Print out all the records, word for word.

*** DATA FOR REVIEW ***

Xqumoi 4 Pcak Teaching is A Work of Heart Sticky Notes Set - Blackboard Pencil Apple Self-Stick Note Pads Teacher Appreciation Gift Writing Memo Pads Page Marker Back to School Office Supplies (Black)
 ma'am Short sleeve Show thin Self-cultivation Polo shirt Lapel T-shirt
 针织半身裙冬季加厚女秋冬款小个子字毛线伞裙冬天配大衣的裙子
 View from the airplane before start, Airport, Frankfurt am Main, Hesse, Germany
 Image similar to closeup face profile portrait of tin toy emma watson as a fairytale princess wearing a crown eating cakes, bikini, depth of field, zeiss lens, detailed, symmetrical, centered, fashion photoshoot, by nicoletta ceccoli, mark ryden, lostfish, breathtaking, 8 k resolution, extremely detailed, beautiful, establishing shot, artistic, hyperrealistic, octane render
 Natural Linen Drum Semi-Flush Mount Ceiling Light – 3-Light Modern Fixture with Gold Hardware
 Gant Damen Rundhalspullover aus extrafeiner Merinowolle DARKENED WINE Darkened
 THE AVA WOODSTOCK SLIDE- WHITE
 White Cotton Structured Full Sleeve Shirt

*** End of DATA FOR REVIEW ***

# OUTPUT OF THE EXERCISE
Xqumoi 4 Pcak Teaching is A Work of Heart Sticky Notes Set - Blackboard Pencil Apple Self-Stick Note Pads Teacher Appreciation Gift Writing Memo Pads Page Marker Back to School Office Supplies (Black)
 ma'am Short sleeve Show thin Self-cultivation Polo shirt Lapel T-shirt
 针织半身裙冬季加厚女秋冬款小个子字毛线伞裙冬天配大衣的裙子
 View from the airplane before start, Airport, Frankfurt am Main, Hesse, Germany
 Image similar to closeup face profile portrait of tin toy emma watson as a fairytale princess wearing a crown eating cakes, bikini, depth of field, zeiss lens, detailed, symmetrical, centered, fashion photoshoot, by nicoletta ceccoli, mark ryden, lostfish, breathtaking, 8 k resolution, extremely detailed, beautiful, establishing shot, artistic, hyperrealistic, octane render
 Natural Linen Drum Semi-Flush Mount Ceiling Light – 3-Light Modern Fixture with Gold Hardware
 Gant Damen Rundhalspullover aus extrafeiner Merinowolle DARKENED WINE Darkened
 THE AVA WOODSTOCK SLIDE- WHITE
 White Cotton Structured Full Sleeve Shirt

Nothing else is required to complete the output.